Axios Future author Bryan Walsh writes: Global food prices have been rising for months, putting additional pressure on the world's poorest people.

Why it matters: Past spikes in the price of food staples have been connected to periods of social unrest, including the Arab Spring. If prices continue to rise — on top of the pain of the pandemic — the world could be in for a bumpy future.

By the numbers: Global food prices rose by 2.4% in February, according to the Food and Agriculture Organization's Food Price Index.

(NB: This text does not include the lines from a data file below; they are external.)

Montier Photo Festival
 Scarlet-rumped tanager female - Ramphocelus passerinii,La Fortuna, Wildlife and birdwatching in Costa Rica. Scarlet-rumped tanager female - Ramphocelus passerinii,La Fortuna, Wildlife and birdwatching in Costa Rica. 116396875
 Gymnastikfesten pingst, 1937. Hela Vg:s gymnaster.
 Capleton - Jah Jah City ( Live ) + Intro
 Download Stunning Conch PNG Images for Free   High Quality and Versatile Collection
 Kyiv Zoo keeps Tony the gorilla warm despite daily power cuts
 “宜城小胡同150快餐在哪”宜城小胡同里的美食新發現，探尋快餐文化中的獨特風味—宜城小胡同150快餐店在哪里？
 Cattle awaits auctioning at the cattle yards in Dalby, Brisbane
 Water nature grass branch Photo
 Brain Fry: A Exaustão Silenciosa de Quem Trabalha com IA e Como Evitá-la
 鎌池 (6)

  • That marks the ninth straight month of price rises, causing the index — which is adjusted for inflation — to reach its highest level since July 2014.

Details: In the U.S., prices rose by nearly 3% in 2020, roughly double the rate of inflation, putting pressure on the poorest Americans, who spend more than one-third of their income on food.

Flashback: Governments are right to worry about the effects of rising food prices. Past spikes in 2011 helped fuel protests in the Arab world, and record-high prices in 2008 contributed to instability throughout the global South.

What they're saying: "These price spikes are destabilizing, not just because they induce a lot of hardship on communities and households, but also because there is this expectation that the government will do something about it," Cullen Hendrix, a nonresident senior fellow at the Peterson Institute for International Economics, told Bloomberg.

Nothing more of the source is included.